## Work order
Pictures are to be left out, and only the lines from the one with "Sedia da pranzo" through the last line of the listing below are to be repeated exactly.

## Data extract
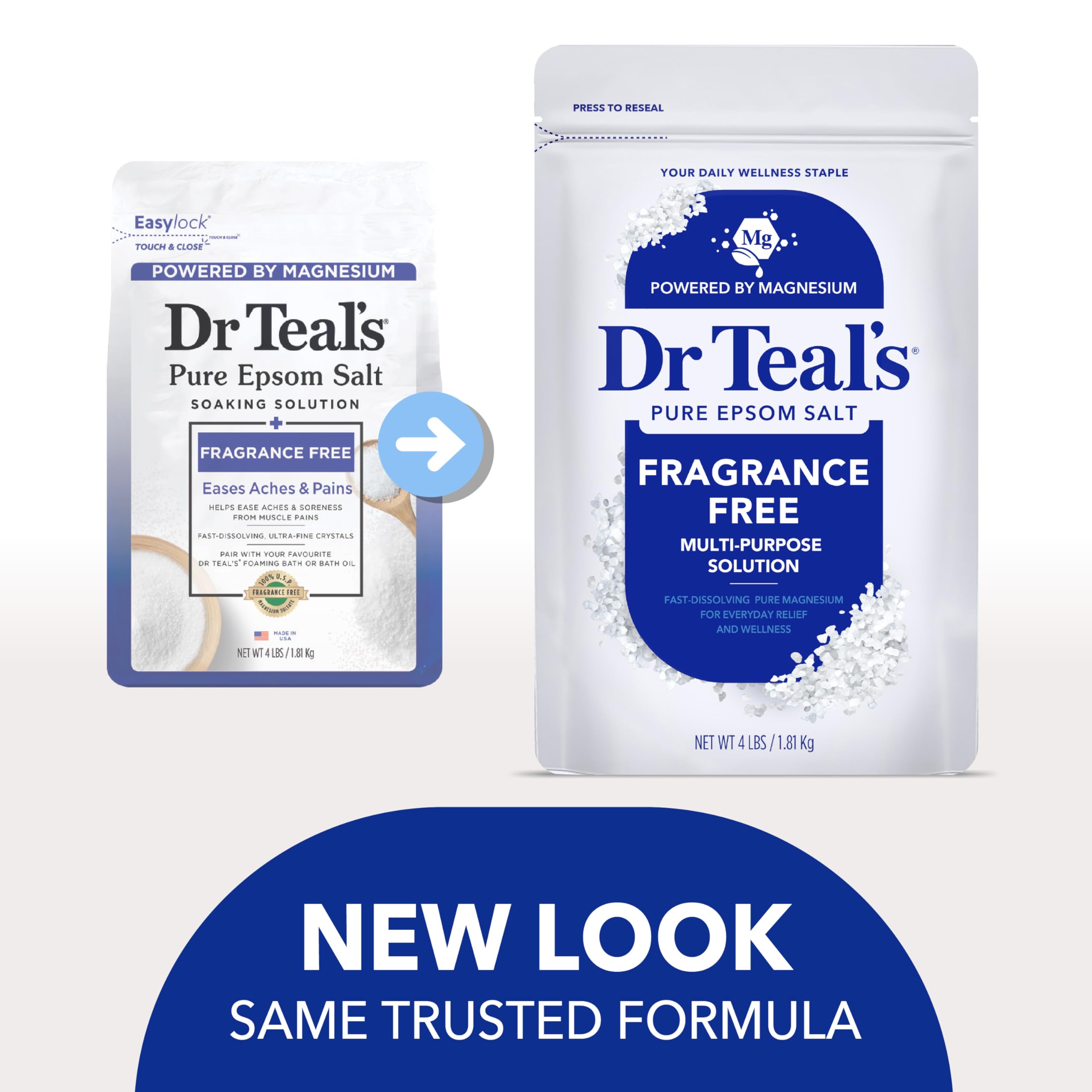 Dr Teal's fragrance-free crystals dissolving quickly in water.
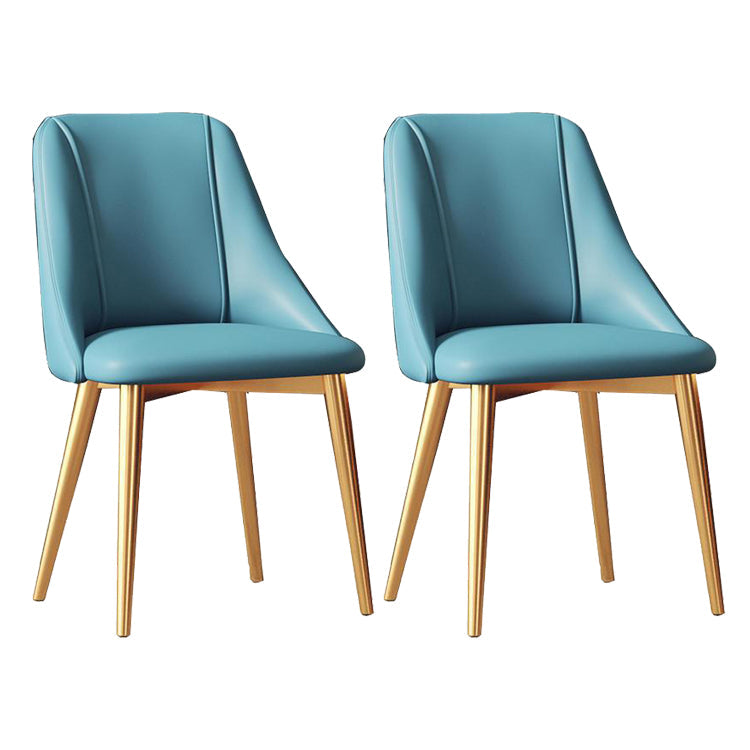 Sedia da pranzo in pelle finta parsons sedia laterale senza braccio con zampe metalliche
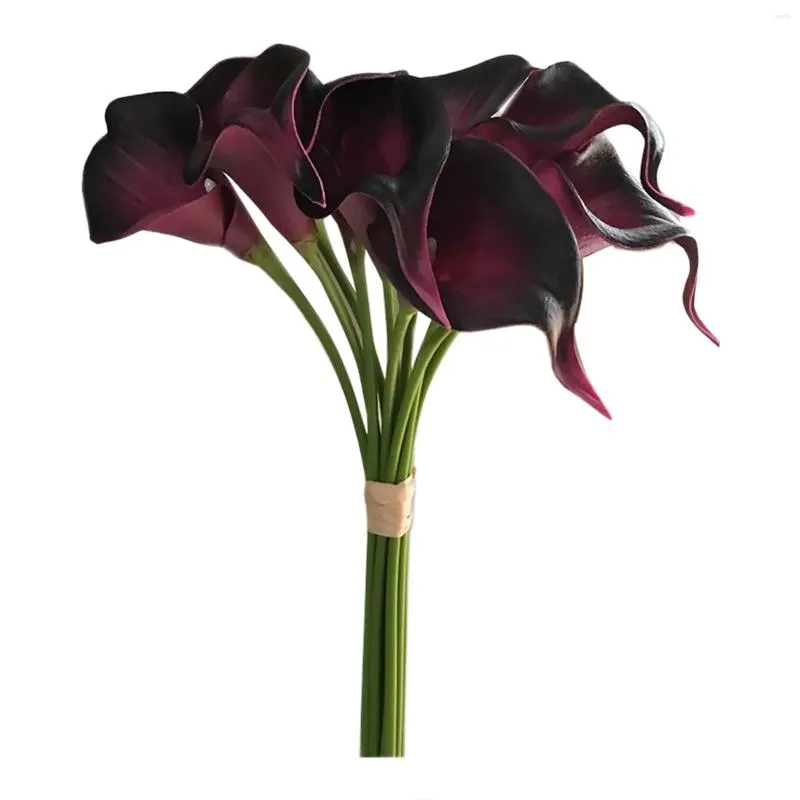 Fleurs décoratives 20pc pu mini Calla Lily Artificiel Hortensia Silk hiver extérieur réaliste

## Solution to this task
 Sedia da pranzo in pelle finta parsons sedia laterale senza braccio con zampe metalliche
 Fleurs décoratives 20pc pu mini Calla Lily Artificiel Hortensia Silk hiver extérieur réaliste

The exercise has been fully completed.